WORK TO BE COMPLETED.
Pictures stay out of the copy. Retype exactly the lines below from the one with "1403 E 17th" through the one with "A Japanese Satsuma".
[Start of section]
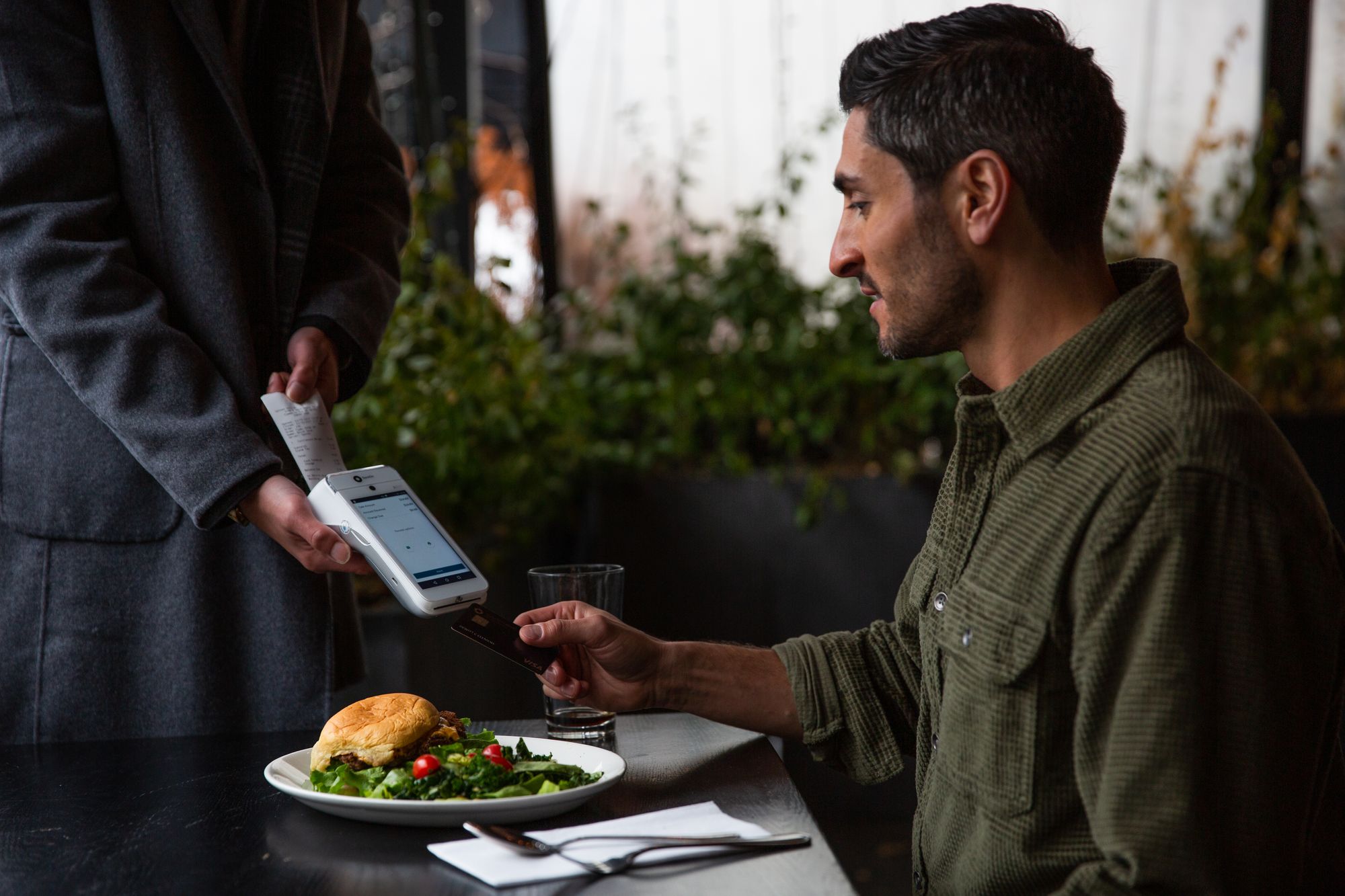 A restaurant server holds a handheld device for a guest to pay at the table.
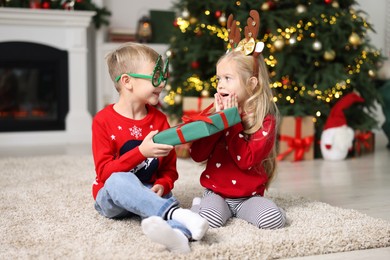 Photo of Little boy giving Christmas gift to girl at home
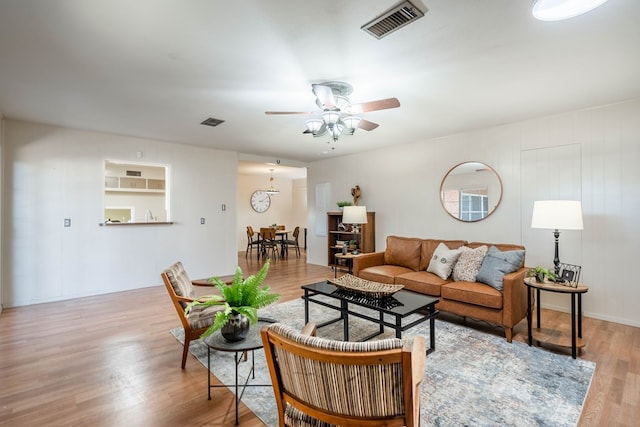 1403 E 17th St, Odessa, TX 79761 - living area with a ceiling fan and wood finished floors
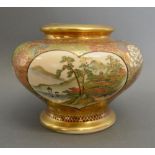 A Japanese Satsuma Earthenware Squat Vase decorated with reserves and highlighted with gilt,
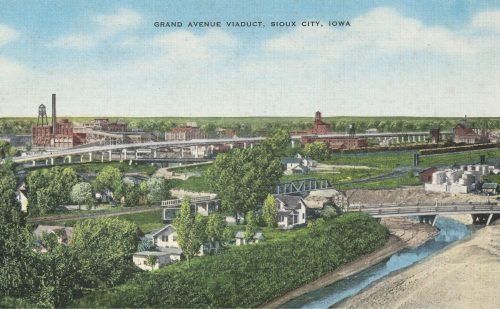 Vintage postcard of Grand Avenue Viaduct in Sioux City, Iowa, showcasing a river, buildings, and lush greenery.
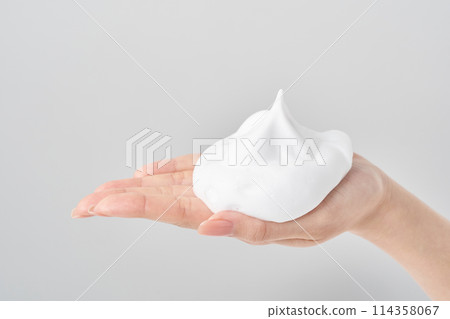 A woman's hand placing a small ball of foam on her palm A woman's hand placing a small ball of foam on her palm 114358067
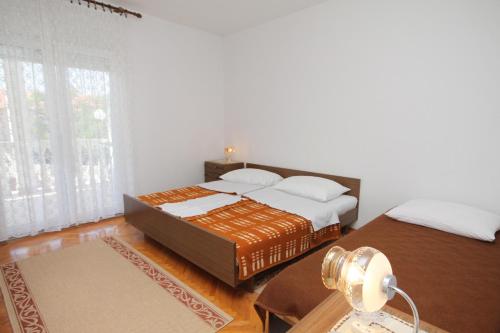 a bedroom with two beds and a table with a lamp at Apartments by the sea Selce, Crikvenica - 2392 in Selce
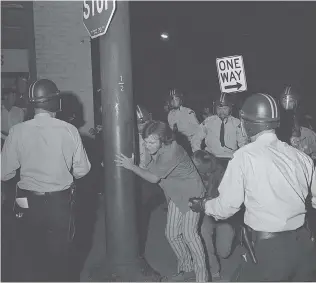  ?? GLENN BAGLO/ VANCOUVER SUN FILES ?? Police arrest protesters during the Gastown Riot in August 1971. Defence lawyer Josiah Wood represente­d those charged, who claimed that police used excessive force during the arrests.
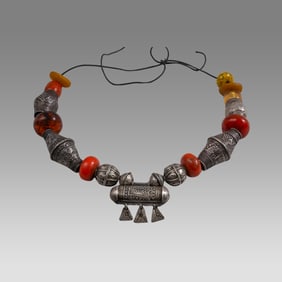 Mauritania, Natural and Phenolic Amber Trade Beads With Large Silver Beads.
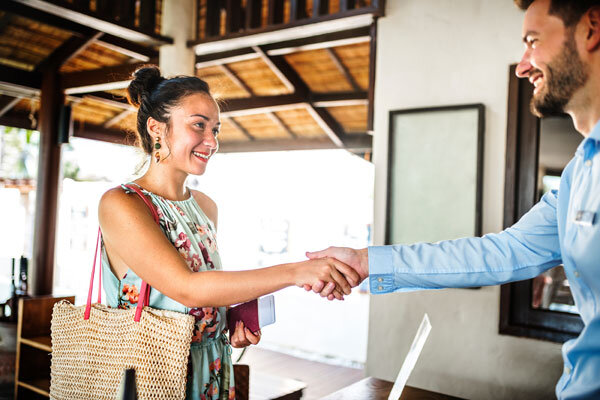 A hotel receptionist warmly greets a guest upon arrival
[End of section]
RESULT.
 1403 E 17th St, Odessa, TX 79761 - living area with a ceiling fan and wood finished floors
 A Japanese Satsuma Earthenware Squat Vase decorated with reserves and highlighted with gilt,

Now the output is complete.